18. Indeed, even if I add the earnings/employment measures on their own, they still explain relatively little of the gaps either by sector or by race, suggesting their limited role is not only because of the other measures in the model. In order to include this as a predictor in the model, those still enrolled in school are assigned an income of zero and the model includes a separate indicator for those still enrolled in school.
19. Information on what happens after a default is summarized by the U.S. Department of Education here: https://studentaid.ed.gov/sa/repay-loans/default/collections.
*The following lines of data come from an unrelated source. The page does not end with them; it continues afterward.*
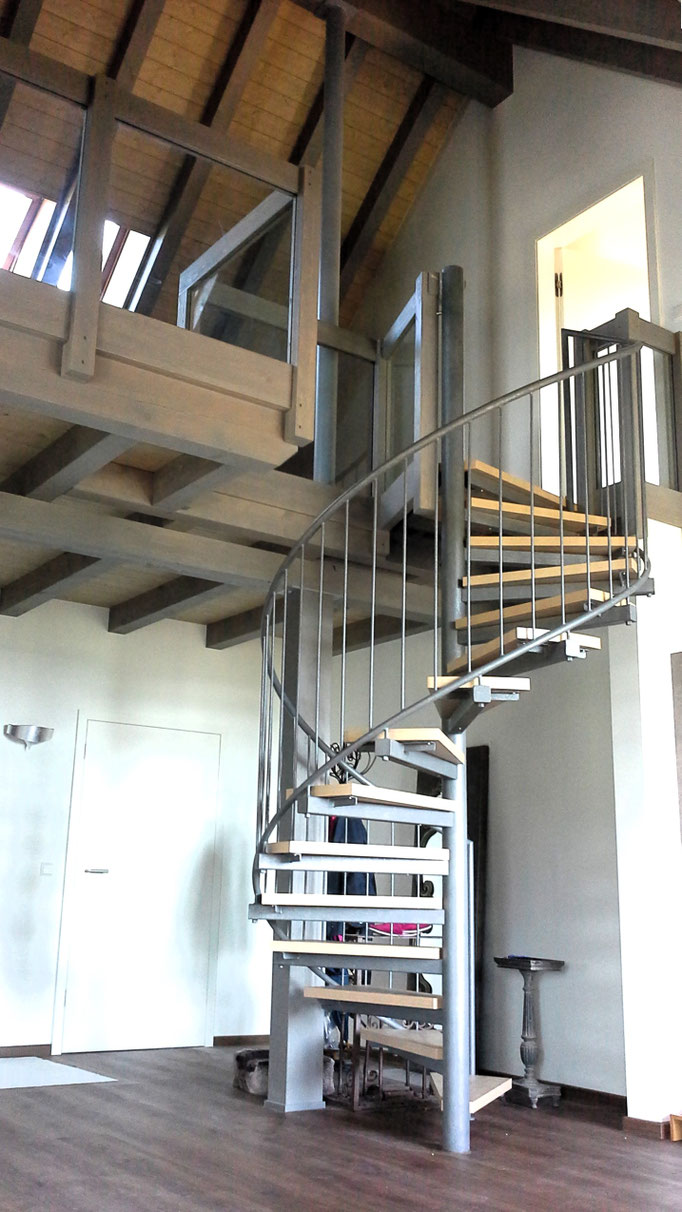 Spindeltreppe zur Galerie in Ibach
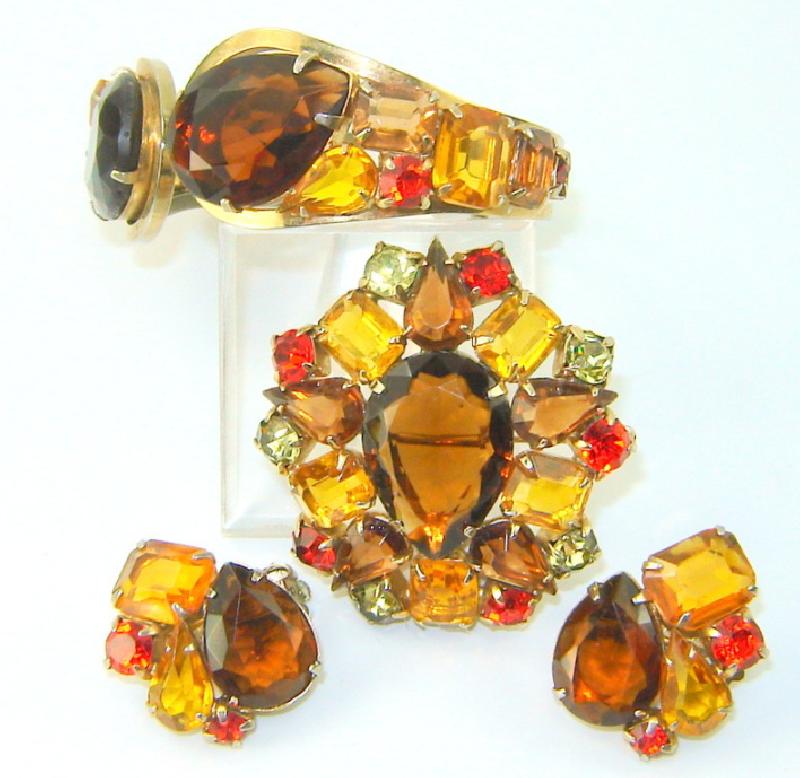 Front view of Fall Pear Bracelet Clamper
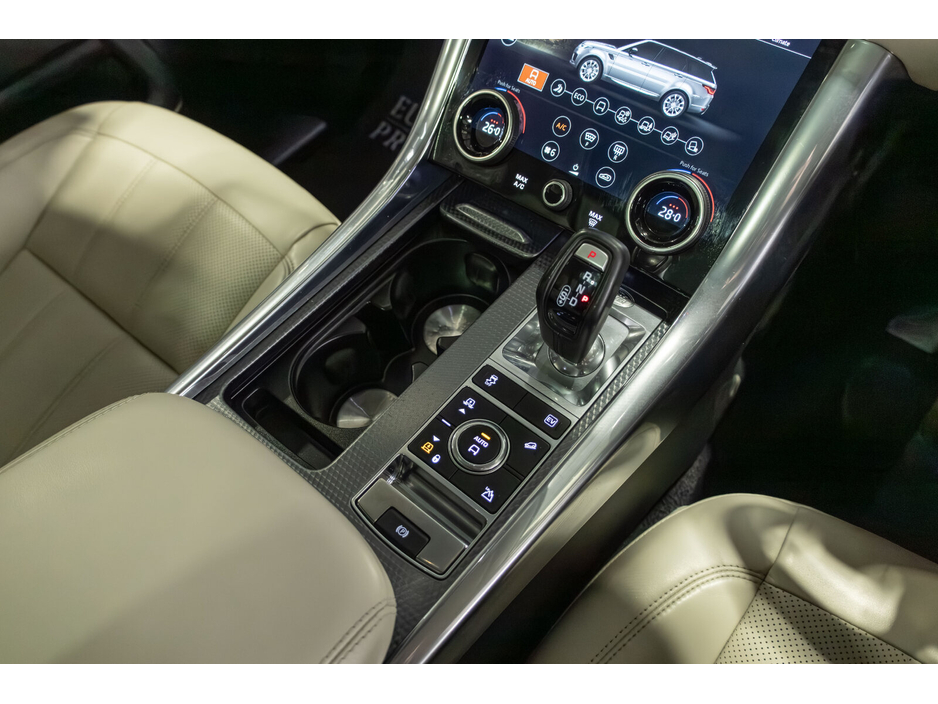 2020 Land Rover Range Rover Sport 2.0 Si4 PHEV 404 PS 4WD Auto HSE €47,950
20. Collection costs policies as summarized by the U.S. Department of Education: https://myeddebt.ed.gov/borrower/collectionCostsNavigate.
21. Specifically, 14 percent of defaulters received federal Pell grants or new student loans after a default. Other students may have returned to school without receiving federal aid.
22. Sample sizes were too small for defaulters of Asian/Pacific Islander descent to include in this figure.
23. Note that because borrowers may default multiple times or on multiple loans, the percentages describing pathways out of default add up to more than the total percentage no longer in default. Some defaulters may use more than one pathway, and some of those that use a pathway previously may re-default and still be in default at the end of the follow-up.
24. I treat defaults that occurred in the same month as one instance of default.
25. Daniel Herbst (2018), “Liquidity and Insurance in Student Loan Contracts: Estimating the Effects of Income-Driven Repayment on Default and Consumption,” unpublished manuscript, Princeton University.